[OpenWrt-Devel] Sysupgrade possibly broken in recent development snapshots: "message": "Firmware image couldn't be validated"

Hannu Nyman hannu.nyman at iki.fi
Thu Jan 2 10:48:08 EST 2020

Petr Štetiar kirjoitti 1.1.2020 klo 22.46:
> Petr Novák <petrn at me.com> [2020-01-01 21:11:30]:
>> But how come the workaround was to use an older libubox and ubus - was there
>> any new check which was not there before?
> I don't have definitive answer, as I would need RPi-4 (or any other real
> hardware with Cortex-A72 core) to find the actual bit in the libubox which
> caused this change in the behavior, but here is a part of the commit
> description[1] which might help answering that:
>   It seems like the recent fixes in the libubox library, particulary in
>   the jshn sub-component (which empowers json_dump used in the shell
>   script executed by the child process) made the execution somehow faster,
>   thus exposing this racy behaviour in the validate_firmware_image_call at
>   least on RPi-4 (Cortex-A72) target.
> As I was unable to trigger this issue even in the QEMU/Cortex-A72 I assume,
> that it was simply some kind of race, needed specific timing, provided
> preciously only by that RPi-4 hardware.

I think that there may have been an older race condition behaviour that has 
now just surfaced better with RPi4 after the recent changes.
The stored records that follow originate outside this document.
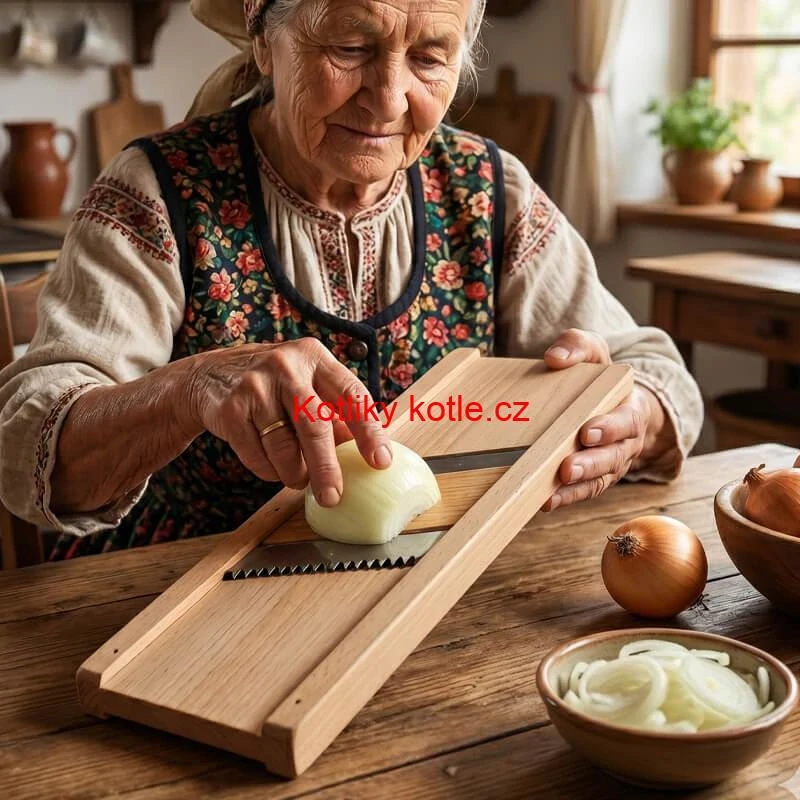Strouhadlo na zelí a dýni se 2 noži 44 × 14 cm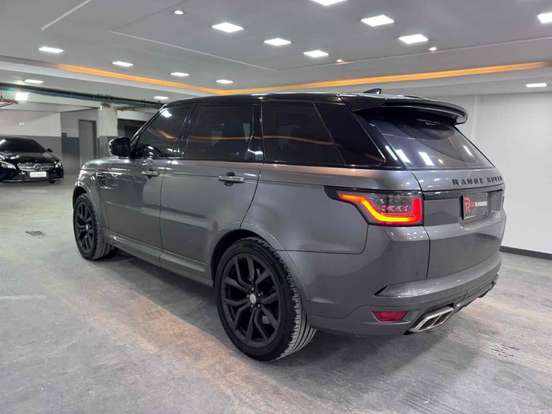 LAND ROVER-RANGE ROVER SPORT-5.0 SVR 4X4 V8 32V GASOLINA 4P AUTOMÁTICO LAND ROVER-RANGE ROVER SPORT-2019
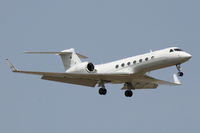 102005 @ LMML - Gulfstream Aerospace GV-SP (G550 ) 100205/025 Swedish Air Force - by Raymond Zammit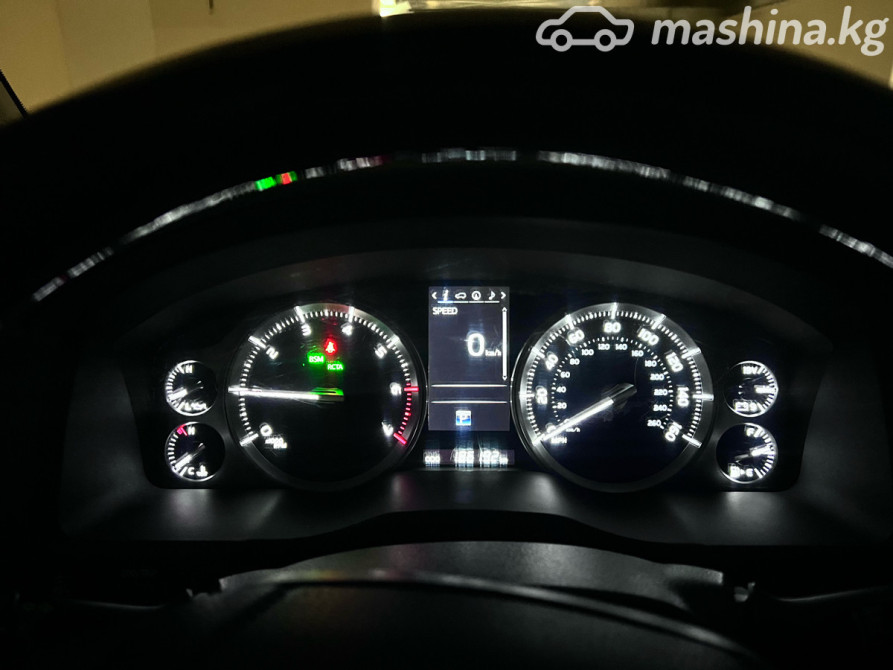 Toyota Land Cruiser 200 Series Рестайлинг 2 5.7, 2018 Бишкек - сүрөт 7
It has earlier 
manifested itself sometimes with some routers, but more rarely.

I have seen an occasional failure of sysupgrade in one of my routers since 
October (ar71xx or ath79  / WNDR3700v2). I wrote about that to the mailing 
list in November, although then I thought that it might be just a "force" 
option failure:

Others have seen that also, based on forum discussion:

Petr Novak describes similar thing as my error as: "it does just reboot but 
does not flash anything."

I have tried to debug that in my WNDR3800 that has serial console connection, 
but have not managed to produce the error in that 3800. With 3800 the 
sysupgrade has succeeded always. However, in my 3700v2 (that has identical 
hardware except the RAM size) on the other side of the building, I still 
occasionally see the behaviour of LuCI based sysupgrade starting ok, but the 
router booting back to the same firmware after an invisible error. After that 
reboot the next sysupgrade attempt via LuCI usually works quite ok. (sounds 
like a sysupgrade from a recently booted system usually works, but 
sysupgrading a system after some runtime does sometimes not work.)

I first thought that it was related to using force in the ar71xx/ath79 jump, 
but it has been present in normal sysupgrades.

Possibly a manifestation of the same race condition in 
sysupgrade/procd/libubox, so hopefully your patches will fix also that.